→ **INPUT FOR THIS TASK**:
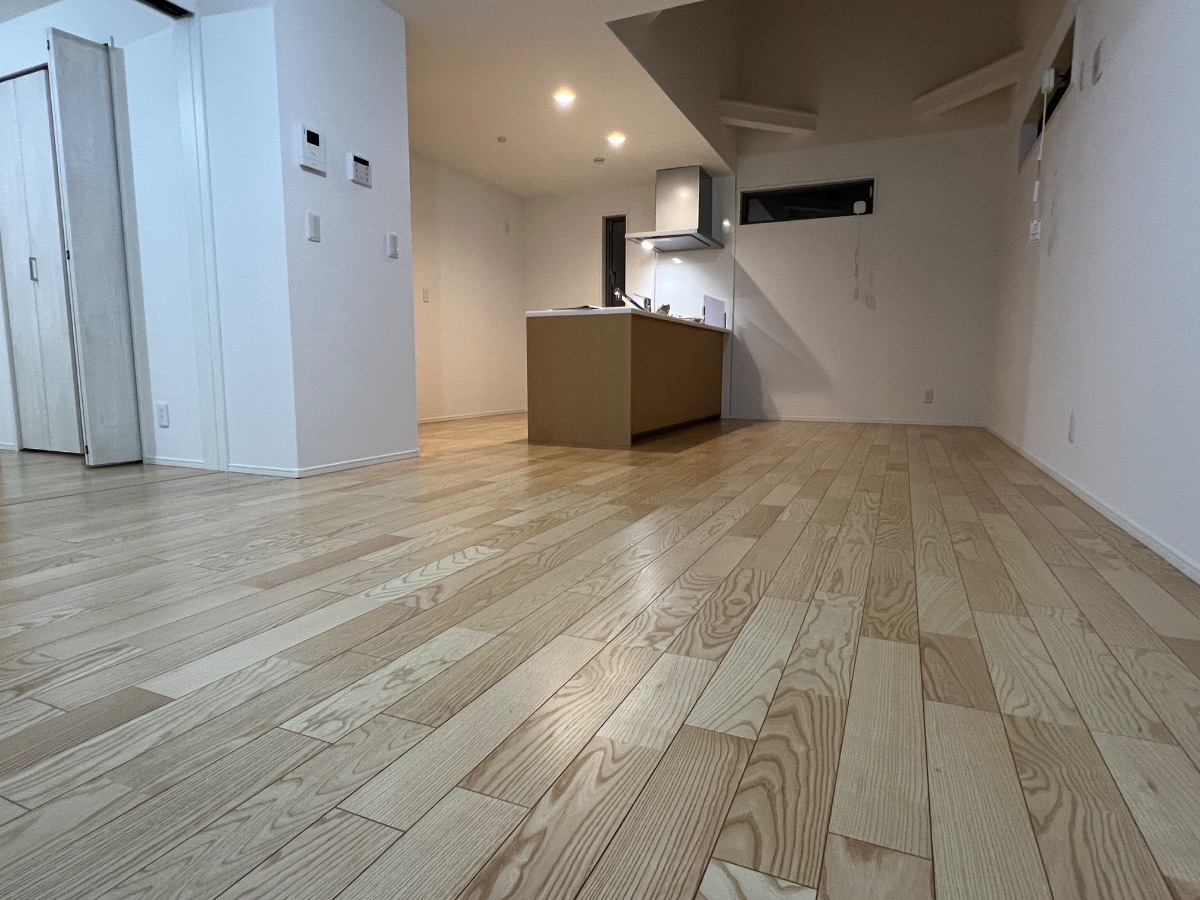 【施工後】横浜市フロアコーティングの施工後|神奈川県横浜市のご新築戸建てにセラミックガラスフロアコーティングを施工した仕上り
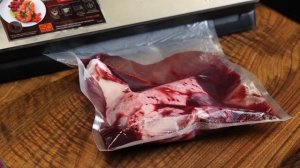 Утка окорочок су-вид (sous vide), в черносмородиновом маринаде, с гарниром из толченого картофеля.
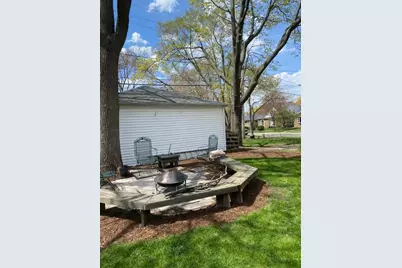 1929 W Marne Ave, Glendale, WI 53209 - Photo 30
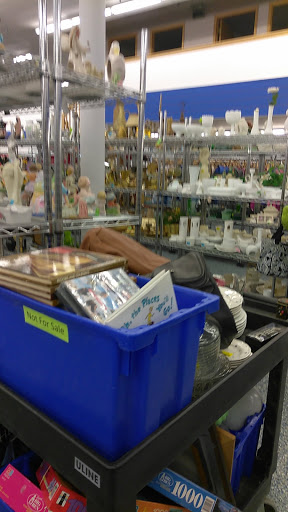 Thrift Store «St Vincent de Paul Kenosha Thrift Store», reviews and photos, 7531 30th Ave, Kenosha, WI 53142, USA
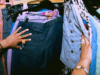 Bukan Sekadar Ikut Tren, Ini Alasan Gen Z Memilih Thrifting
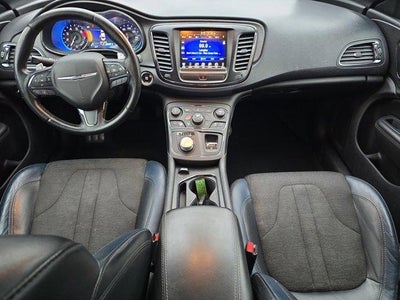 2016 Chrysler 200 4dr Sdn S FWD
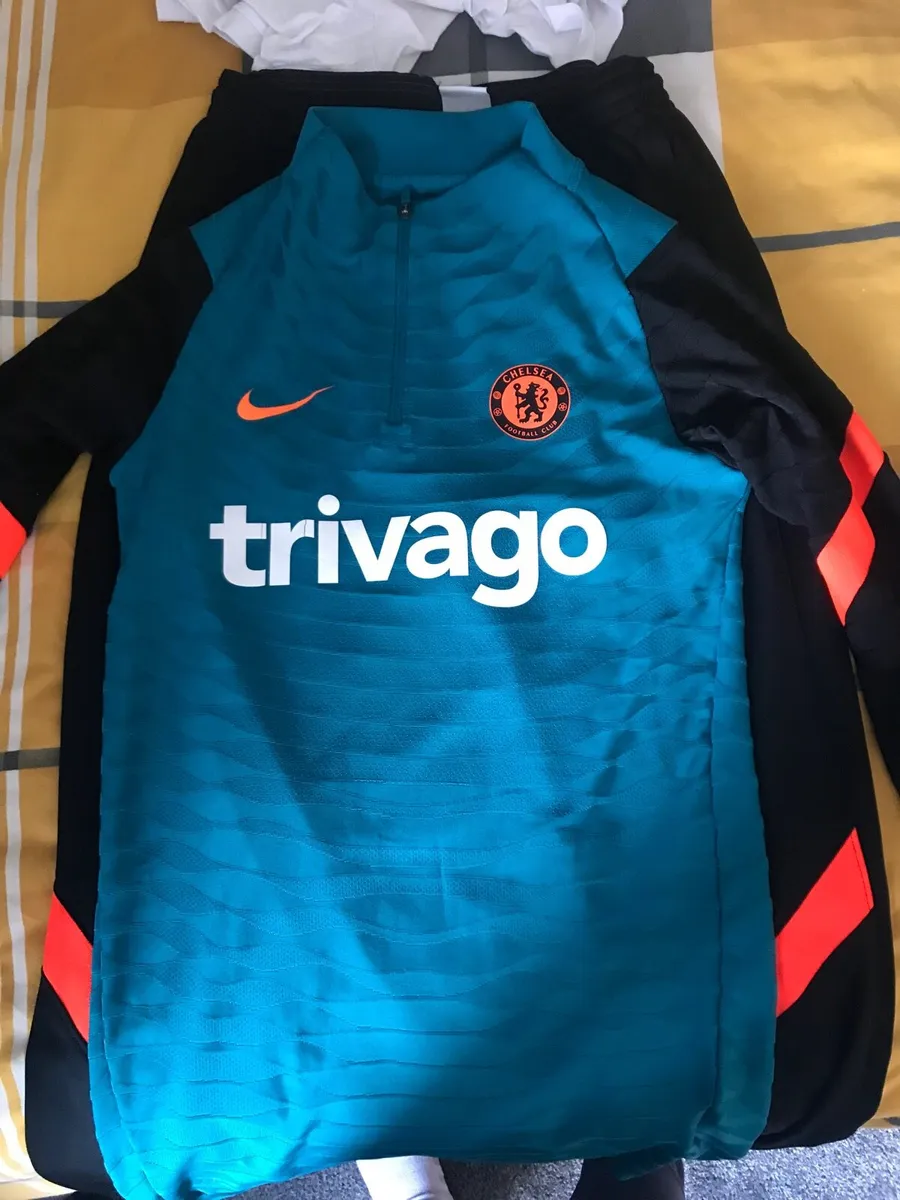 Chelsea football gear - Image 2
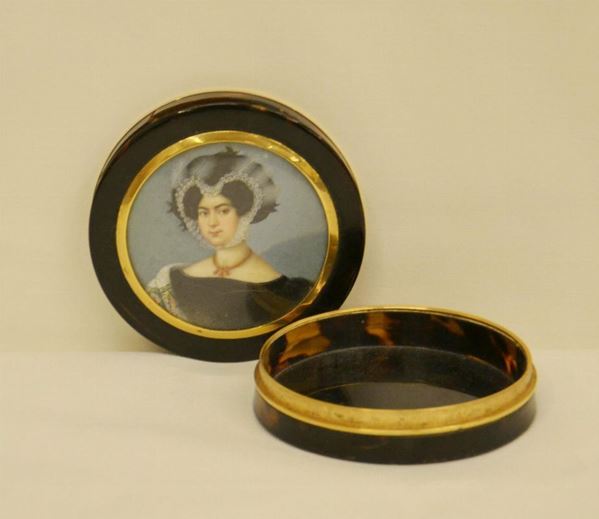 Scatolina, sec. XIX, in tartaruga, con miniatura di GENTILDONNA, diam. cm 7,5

--

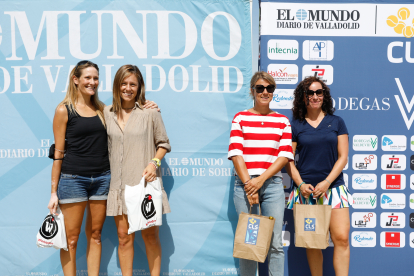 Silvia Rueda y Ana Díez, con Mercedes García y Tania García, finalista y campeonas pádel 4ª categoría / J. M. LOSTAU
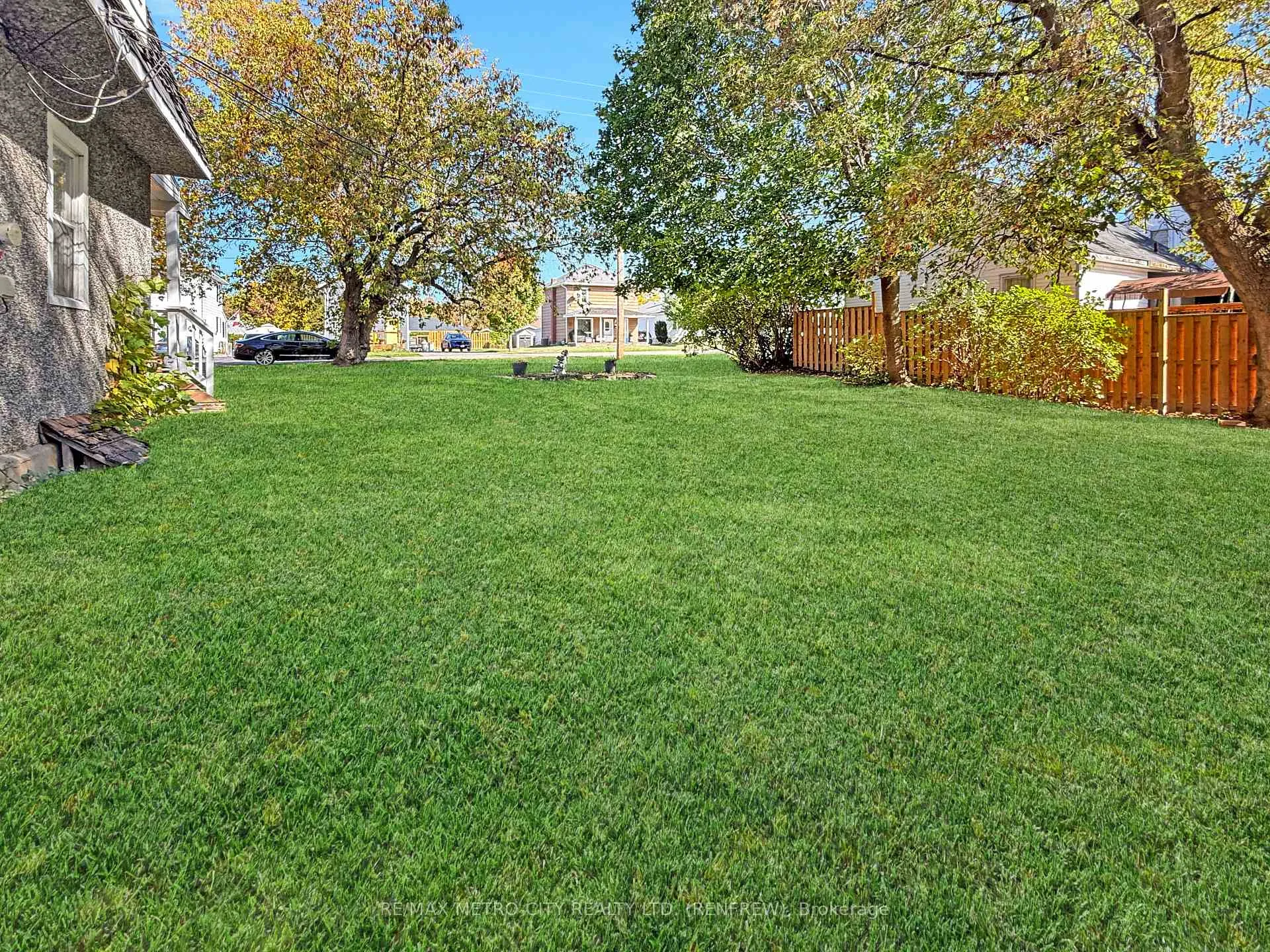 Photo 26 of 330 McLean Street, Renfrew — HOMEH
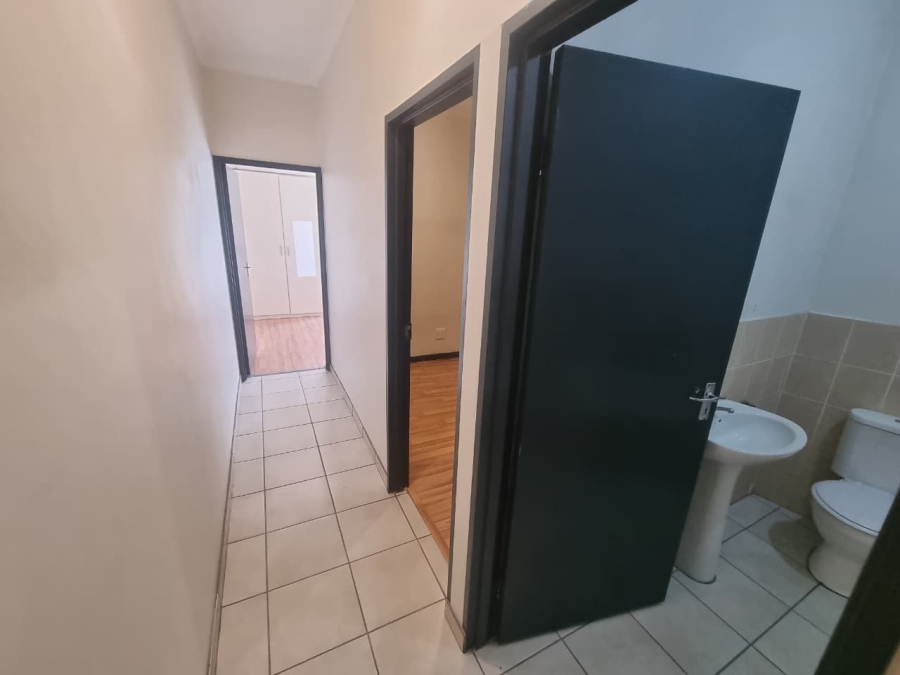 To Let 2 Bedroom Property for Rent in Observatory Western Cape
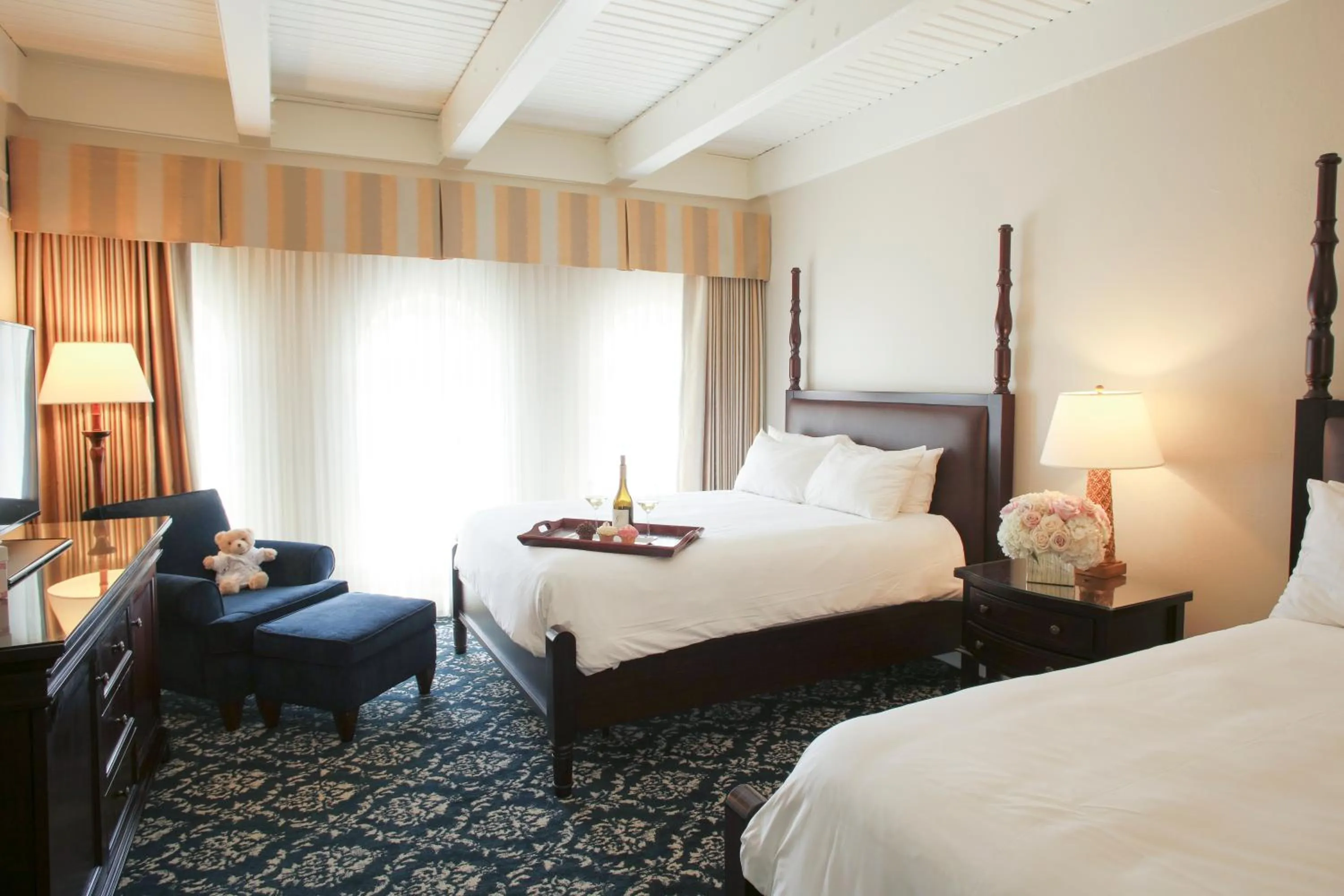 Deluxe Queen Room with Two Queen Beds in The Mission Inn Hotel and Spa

→ **ASSIGNMENT**: In the listing above, find the line with "2016 Chrysler 200 4dr Sdn S FWD" and the line with "Scatolina, sec. XIX, in". Output both, plus every line between them, and no pictures.

→ **RESPONSE AREA**:
 2016 Chrysler 200 4dr Sdn S FWD
 Chelsea football gear - Image 2
 Scatolina, sec. XIX, in tartaruga, con miniatura di GENTILDONNA, diam. cm 7,5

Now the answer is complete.